What the politicians hear is "We can kick the can down the road a few more times."
Sometimes, like Greece, you reach the end of the road.
Greece technically defaulted June 5th, but everyone seems to be waiting for when the big payment is due on June 30th.
Maybe they could roll a big wooden horse up to the doors of the Bundesbank.....
Perhaps if we built a giant wooden badger...?
"...then Galahad, Launcelot and I jump OUT of the rabbit..."
Anything wooden is verboten.
They all want cake.
Maybe they could roll a big wooden horse up to the doors of the Bundesbank.....
And what would jump out? Certainly not battle-hardened hoplites. Waiters? Cab drivers? Or just a bunch of lazy fucks with their hands out?
They're not looking to cause damage, but who wants to see a pile of dirty Greeks stacked up at the doors.
Beware of Greeks baring anything.
+1 hairy mediterranean
Wasn't there a book where all the Peoples Republics of Europe were failing, one by one, because their governments promised them moar free shit than they could possibly ever provide...in the name of social justice?
What book was that?
Edited by Adam Smith. Chapters by Bastiat, Hayek, Mises, ...
It will take us much longer to reach the end. Unlike Greece, we can print our own money. Our end will have cool $billion bills. It will okay because we can put the faces of famous feminists on the new denominations we'll be using to buy gum.
I nominate Rachel Dolezal for the billion dollar bill.

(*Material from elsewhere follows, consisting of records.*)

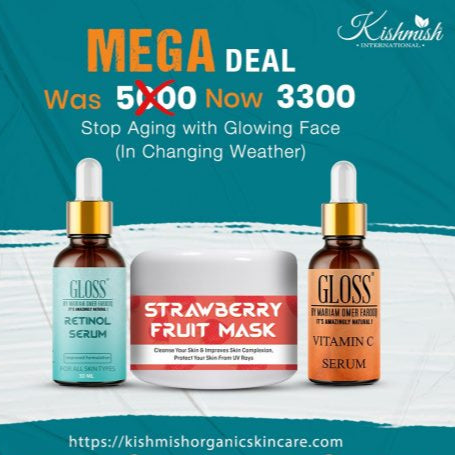 Retinol Serum + Strawberry Mask + Vitamin C Serum
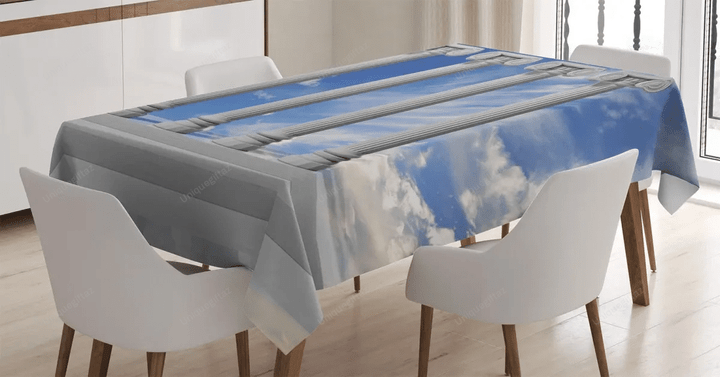 Historic Marble 3d Printed Tablecloth Home Decoration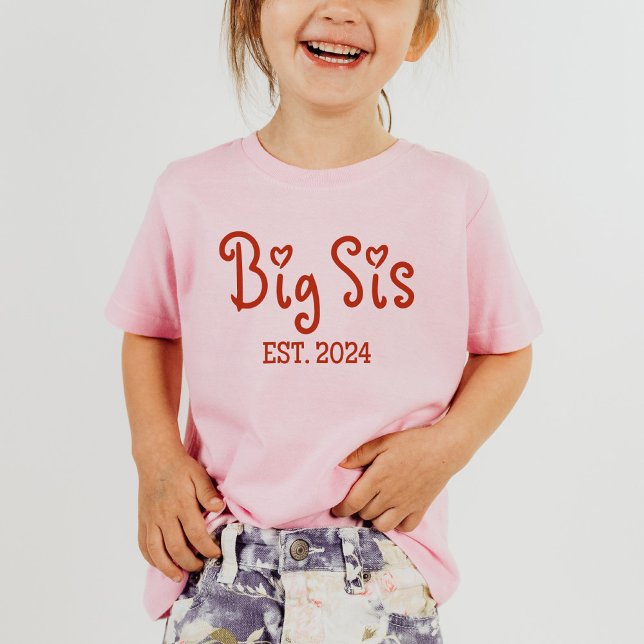 Big Sis Est 2024 Shirt | Niedlich Big Sister (Von Creator hochgeladen)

She's a pioneer of trans-racialism, after all.
she did what Obama could only promise.
Fitting for a $1BB bill that's worth $10 in real money.
A B? Pfft let's go big.
http://www.mikecampbellfoundat.....es/Picture 2 Ben Speach.jpg
Well that link failed. -1
http://www.quickonlinetips.com.....-front.jpg
Wait...Canada isn't a post Apocalyptic wasteland... Who knew?
I think we should change "e pluribus unum" to "no, fuck you, cut spending".
I second your proposal.
"Wait...Canada isn't a post Apocalyptic wasteland... Who knew?"
When the Rightful Heir to the Trudeau dynasty succeeds to the Throne of Canada this fall, the Wasteland Prophecy will be fulfilled.
Visit in the winter, you might change your mind.
It's already over 100% of GDP.
Of course they're going raise revenue. That way they'll have money to spend on all the new projects that are being held down in our current period of austerity.
That way they'll have money to spend on all the new projects that are being held down in our current period of austerity
Orwell would applaud. Sadly this is exactly how they think.
Of course they're going raise revenue.
I don't know that they really can, at least via taxes. There seems to be a hard cap on how much they can extract at around 19% of GDP, and we're pretty much there.
My prediction: they will do a stealth/slow motion confiscation of retirement accounts, by requiring that they be X% invested in Treasuries to keep their tax deferred status. You'll have the choice of losing tax deferred status (and having to pay a big chunk of your retirement as taxes right then and there), or you can give them a big chunk of your retirement in exchange their paper.
Sadly I suspect you're correct. It worked so well for Argentina...
Whichever way they do it, I agree that they are most likely going to go after retirement accounts. There's no way that they will be able to resist so much money "just sitting there".
There is nothing of yours/mine/everyone's that they won't take if they get the opportunity. The only reason they haven't done it yet is that they don't quite have the power to do so without fear of being strung up on lampposts. The instant they feel like they can safely...they will.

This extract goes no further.